We can gain confidence in our model by comparing our predictions for current customers with predictions on historical data (i.e. check that the model is calibrated) and with the _actual historical data. To do this, we compare the average churn rates:
measurement of churn | average |
---|---|
current forecasts | 0.044886 |
historical forecasts | 0.047886 |
historical average | 0.047846 |
We see that the mean predicted churn probability is very close to, although slightly lower than, those of the historical predictions, and close to the actual mean of the dataset. What might be responsible for this difference?

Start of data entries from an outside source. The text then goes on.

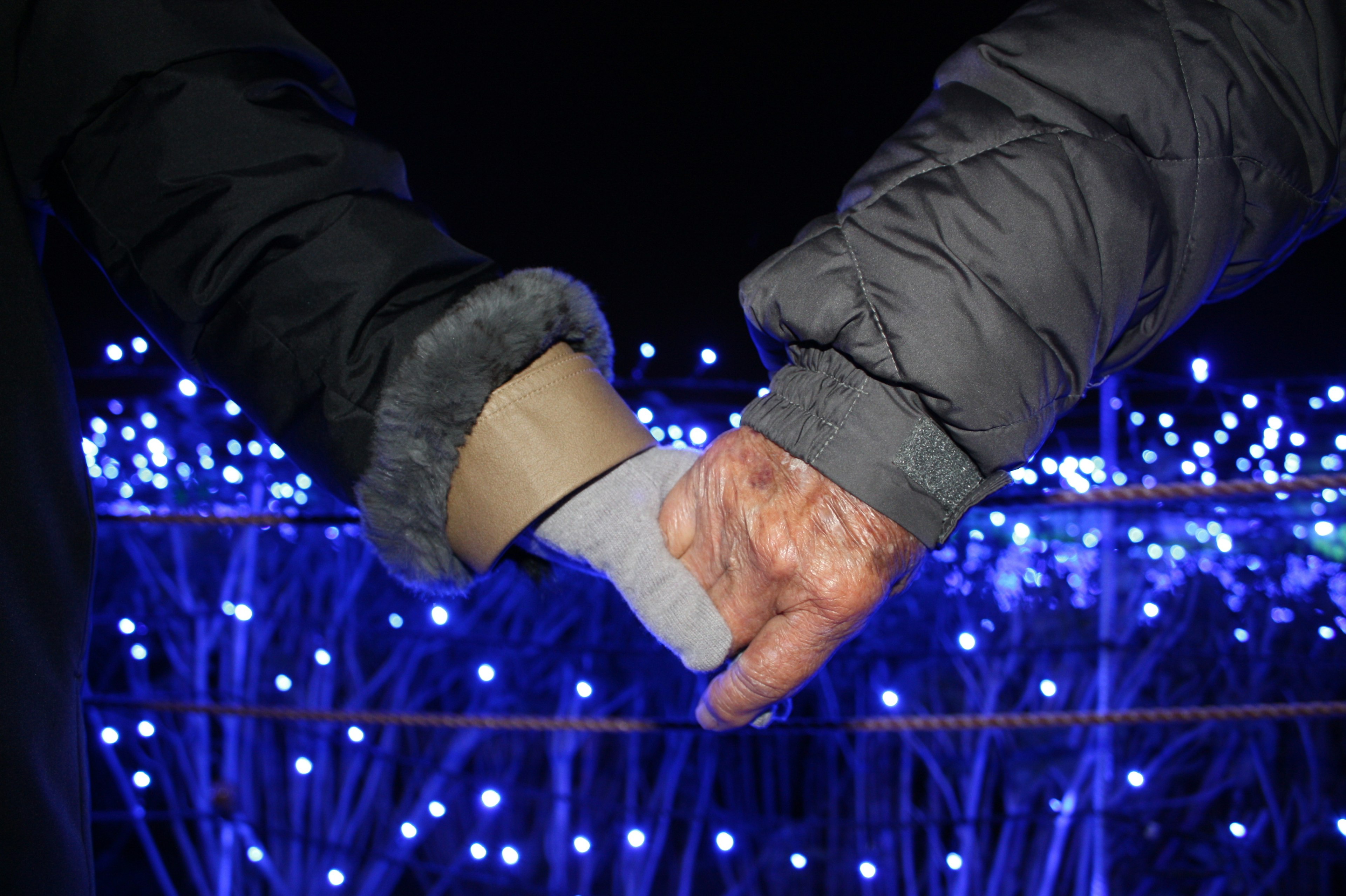 Dos manos entrelazadas en un entorno nocturno con luces azules de fondo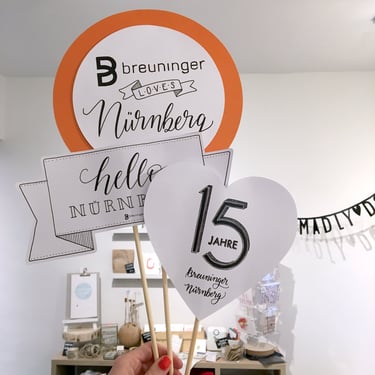 Custom Breuninger Nürnberg anniversary signs on wooden sticks for 15 jahre event celebration.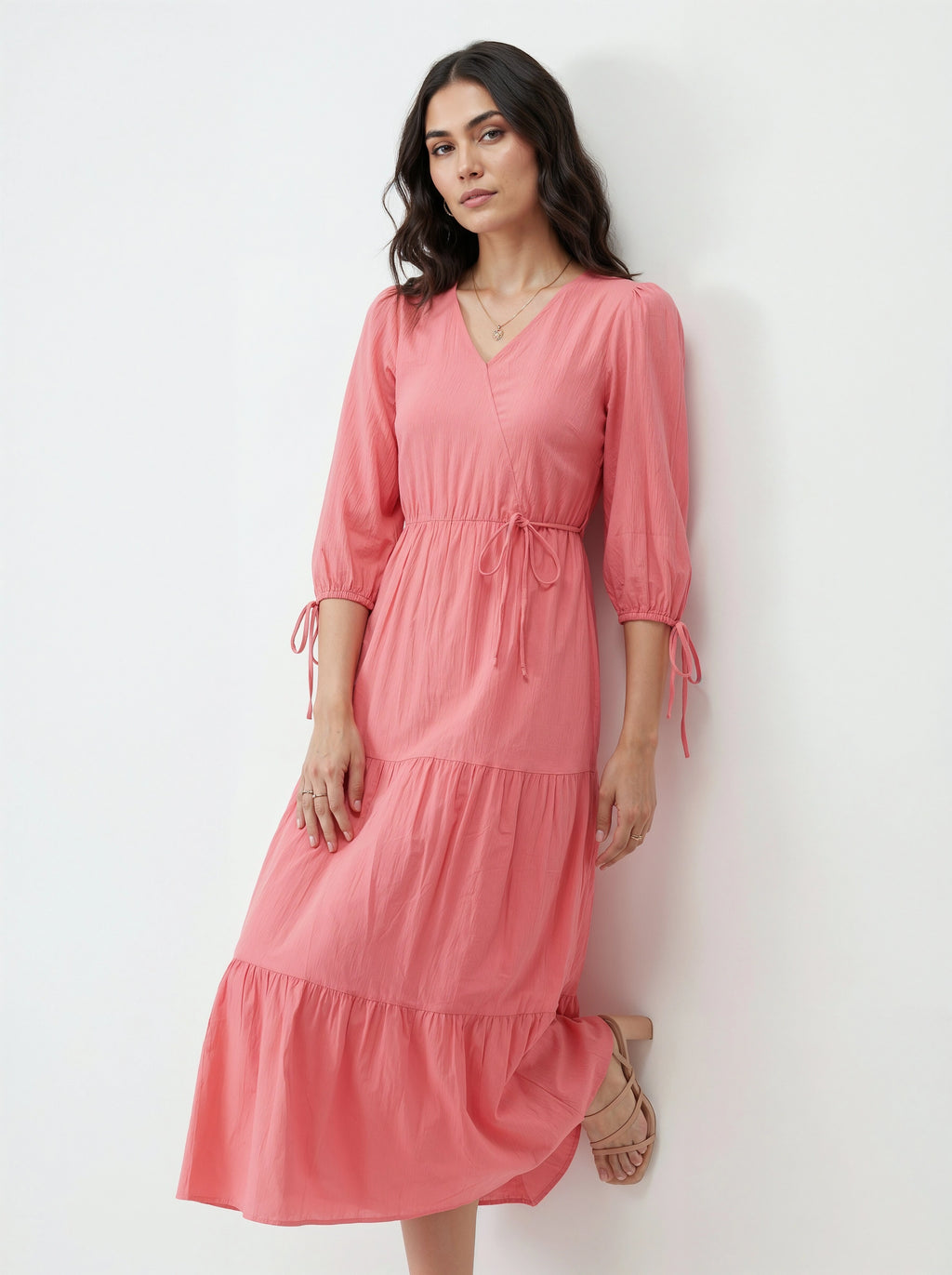 Woman wearing a pink dress against a white background
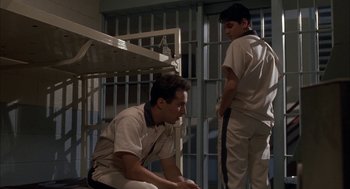 Movie still from “My Cousin Vinny” (1992), directed by Jonathan Lynn – A couple of men sitting next to each other in front of a jail cell; Medium shot, Low angle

When comparing the ratio of the average metrics values for current and historical datasets, we see that the average metric values for current customers are around 5% higher than those for the historical dataset in most cases:
metric | historical mean | current mean | current / historical |
---|---|---|---|
like_per_month | 102.701945 | 110.268551 | 1.073675 |
newfriend_per_month | 7.079585 | 7.599192 | 1.073395 |
post_per_month | 42.991330 | 46.135846 | 1.073143 |
adview_per_month | 41.563855 | 44.131359 | 1.061773 |
dislike_per_month | 15.801018 | 16.870076 | 1.067658 |
unfriend_per_month | 0.307689 | 0.313352 | 1.018404 |
message_per_month | 62.230044 | 66.495200 | 1.068539 |
reply_per_month | 23.687189 | 25.177120 | 1.062900 |
adview_per_post | 1.618636 | 1.637879 | 1.011889 |
reply_per_message | 0.378669 | 0.398294 | 1.051825 |
post_per_message | 4.225650 | 4.486532 | 1.061738 |
unfriend_per_newfriend | 0.086465 | 0.085726 | 0.991462 |
dislike_pcnt | 0.953466 | 0.984926 | 1.032995 |
newfriend_pcnt_chng | 0.184072 | 0.239295 | 1.300005 |
days_since_newfriend | 7.193891 | 7.997308 | 1.111680 |
Because most metrics have a positive impact on engagement, higher metrics in the current dataset might explain the lower churn probability forecast.
Some ways in which this project could be expanded are:
- Measure the accuracy of the forecasts using area-under-the-curve and lift.
- Create churn cohorts with demographic and firmographic categories to see which kinds of customers tend to be more engaged.